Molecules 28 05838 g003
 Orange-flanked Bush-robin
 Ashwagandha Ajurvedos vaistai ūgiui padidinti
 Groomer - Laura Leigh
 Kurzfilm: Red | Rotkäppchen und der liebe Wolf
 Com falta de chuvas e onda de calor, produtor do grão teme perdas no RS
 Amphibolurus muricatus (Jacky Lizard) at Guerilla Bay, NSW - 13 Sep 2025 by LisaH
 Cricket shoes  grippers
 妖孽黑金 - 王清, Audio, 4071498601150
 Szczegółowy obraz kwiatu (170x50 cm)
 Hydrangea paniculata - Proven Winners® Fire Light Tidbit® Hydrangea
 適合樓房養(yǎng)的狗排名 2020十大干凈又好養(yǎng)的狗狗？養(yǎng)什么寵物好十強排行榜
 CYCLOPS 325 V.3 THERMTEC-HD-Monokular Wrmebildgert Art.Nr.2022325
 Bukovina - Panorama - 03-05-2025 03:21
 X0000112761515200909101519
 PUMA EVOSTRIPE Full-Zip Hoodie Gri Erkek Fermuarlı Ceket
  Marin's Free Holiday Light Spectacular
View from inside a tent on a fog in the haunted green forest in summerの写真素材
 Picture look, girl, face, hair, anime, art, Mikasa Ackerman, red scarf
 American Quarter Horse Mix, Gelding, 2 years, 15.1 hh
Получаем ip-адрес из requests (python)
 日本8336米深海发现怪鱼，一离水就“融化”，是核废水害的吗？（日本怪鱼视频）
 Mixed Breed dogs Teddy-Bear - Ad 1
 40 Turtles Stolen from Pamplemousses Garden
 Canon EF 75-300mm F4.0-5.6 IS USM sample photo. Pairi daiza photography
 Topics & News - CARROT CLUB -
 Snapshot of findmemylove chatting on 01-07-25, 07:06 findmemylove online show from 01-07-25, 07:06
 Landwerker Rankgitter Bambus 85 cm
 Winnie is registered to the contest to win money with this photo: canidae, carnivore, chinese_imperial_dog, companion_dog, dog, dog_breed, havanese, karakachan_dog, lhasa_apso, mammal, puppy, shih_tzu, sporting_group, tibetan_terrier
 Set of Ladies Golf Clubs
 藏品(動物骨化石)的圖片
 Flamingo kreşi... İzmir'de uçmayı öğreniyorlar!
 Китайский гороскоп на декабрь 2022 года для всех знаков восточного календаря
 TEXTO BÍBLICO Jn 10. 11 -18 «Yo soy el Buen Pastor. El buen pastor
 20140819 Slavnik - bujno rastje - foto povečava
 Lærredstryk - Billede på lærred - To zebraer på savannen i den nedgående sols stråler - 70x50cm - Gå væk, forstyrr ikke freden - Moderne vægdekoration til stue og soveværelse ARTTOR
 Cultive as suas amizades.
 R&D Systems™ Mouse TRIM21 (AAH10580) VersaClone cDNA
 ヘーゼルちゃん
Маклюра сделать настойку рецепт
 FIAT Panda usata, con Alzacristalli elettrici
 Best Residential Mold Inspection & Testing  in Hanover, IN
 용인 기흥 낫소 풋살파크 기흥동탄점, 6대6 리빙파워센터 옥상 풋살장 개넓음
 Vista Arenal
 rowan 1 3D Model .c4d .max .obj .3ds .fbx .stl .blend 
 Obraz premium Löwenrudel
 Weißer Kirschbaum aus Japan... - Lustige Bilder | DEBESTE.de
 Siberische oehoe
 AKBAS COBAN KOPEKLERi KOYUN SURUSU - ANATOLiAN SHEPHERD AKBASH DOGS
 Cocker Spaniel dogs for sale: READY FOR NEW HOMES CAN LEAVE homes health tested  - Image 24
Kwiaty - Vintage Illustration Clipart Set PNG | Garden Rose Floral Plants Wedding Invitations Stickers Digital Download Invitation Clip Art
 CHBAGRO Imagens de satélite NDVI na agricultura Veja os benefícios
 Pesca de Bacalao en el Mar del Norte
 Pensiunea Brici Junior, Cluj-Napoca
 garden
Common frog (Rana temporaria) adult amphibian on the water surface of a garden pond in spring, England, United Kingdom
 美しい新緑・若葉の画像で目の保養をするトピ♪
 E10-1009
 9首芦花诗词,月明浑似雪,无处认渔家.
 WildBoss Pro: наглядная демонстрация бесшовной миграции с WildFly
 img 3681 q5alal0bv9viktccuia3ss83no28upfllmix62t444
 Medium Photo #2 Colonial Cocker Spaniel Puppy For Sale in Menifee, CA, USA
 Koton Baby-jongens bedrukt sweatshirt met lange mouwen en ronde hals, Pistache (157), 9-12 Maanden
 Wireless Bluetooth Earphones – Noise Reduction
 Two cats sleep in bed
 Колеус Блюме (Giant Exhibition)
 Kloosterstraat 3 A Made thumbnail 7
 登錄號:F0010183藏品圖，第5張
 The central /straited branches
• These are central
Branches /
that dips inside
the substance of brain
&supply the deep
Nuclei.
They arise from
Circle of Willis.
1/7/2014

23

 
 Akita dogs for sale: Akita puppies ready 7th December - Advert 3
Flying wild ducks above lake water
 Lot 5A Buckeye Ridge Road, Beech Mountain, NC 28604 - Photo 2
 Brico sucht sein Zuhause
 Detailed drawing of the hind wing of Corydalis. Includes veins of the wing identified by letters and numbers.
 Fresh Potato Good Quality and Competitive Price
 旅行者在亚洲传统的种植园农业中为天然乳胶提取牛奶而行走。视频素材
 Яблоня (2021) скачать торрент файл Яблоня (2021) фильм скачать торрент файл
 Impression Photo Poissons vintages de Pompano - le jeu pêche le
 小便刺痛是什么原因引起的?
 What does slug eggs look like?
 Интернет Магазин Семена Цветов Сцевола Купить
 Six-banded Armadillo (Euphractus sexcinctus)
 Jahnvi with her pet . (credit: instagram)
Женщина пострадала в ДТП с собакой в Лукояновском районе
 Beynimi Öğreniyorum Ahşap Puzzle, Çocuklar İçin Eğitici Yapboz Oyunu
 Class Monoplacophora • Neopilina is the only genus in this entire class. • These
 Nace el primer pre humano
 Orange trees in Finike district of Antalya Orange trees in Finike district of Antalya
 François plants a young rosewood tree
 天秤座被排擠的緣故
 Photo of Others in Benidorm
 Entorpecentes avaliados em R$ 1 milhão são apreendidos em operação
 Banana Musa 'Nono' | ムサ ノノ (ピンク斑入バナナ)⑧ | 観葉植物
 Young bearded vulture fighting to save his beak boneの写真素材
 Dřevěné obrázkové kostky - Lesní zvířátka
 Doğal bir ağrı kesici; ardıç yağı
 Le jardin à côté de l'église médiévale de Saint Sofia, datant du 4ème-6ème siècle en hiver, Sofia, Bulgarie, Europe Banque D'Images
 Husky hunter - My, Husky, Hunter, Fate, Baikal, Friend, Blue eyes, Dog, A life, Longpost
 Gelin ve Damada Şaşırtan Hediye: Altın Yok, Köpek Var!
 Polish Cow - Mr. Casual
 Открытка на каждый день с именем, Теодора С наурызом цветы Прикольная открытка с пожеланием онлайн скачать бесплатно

┄┄┄┄┄┄

# Task requirements
Working from the material above, restate word for word the lines between the line with "Bukovina - Panorama - 03-05-2025 03:21" and the line with "20140819 Slavnik - bujno", both included, and only those.

# Result for this exercise
 Bukovina - Panorama - 03-05-2025 03:21
 X0000112761515200909101519
 PUMA EVOSTRIPE Full-Zip Hoodie Gri Erkek Fermuarlı Ceket
  Marin's Free Holiday Light Spectacular
View from inside a tent on a fog in the haunted green forest in summerの写真素材
 Picture look, girl, face, hair, anime, art, Mikasa Ackerman, red scarf
 American Quarter Horse Mix, Gelding, 2 years, 15.1 hh
Получаем ip-адрес из requests (python)
 日本8336米深海发现怪鱼，一离水就“融化”，是核废水害的吗？（日本怪鱼视频）
 Mixed Breed dogs Teddy-Bear - Ad 1
 40 Turtles Stolen from Pamplemousses Garden
 Canon EF 75-300mm F4.0-5.6 IS USM sample photo. Pairi daiza photography
 Topics & News - CARROT CLUB -
 Snapshot of findmemylove chatting on 01-07-25, 07:06 findmemylove online show from 01-07-25, 07:06
 Landwerker Rankgitter Bambus 85 cm
 Winnie is registered to the contest to win money with this photo: canidae, carnivore, chinese_imperial_dog, companion_dog, dog, dog_breed, havanese, karakachan_dog, lhasa_apso, mammal, puppy, shih_tzu, sporting_group, tibetan_terrier
 Set of Ladies Golf Clubs
 藏品(動物骨化石)的圖片
 Flamingo kreşi... İzmir'de uçmayı öğreniyorlar!
 Китайский гороскоп на декабрь 2022 года для всех знаков восточного календаря
 TEXTO BÍBLICO Jn 10. 11 -18 «Yo soy el Buen Pastor. El buen pastor
 20140819 Slavnik - bujno rastje - foto povečava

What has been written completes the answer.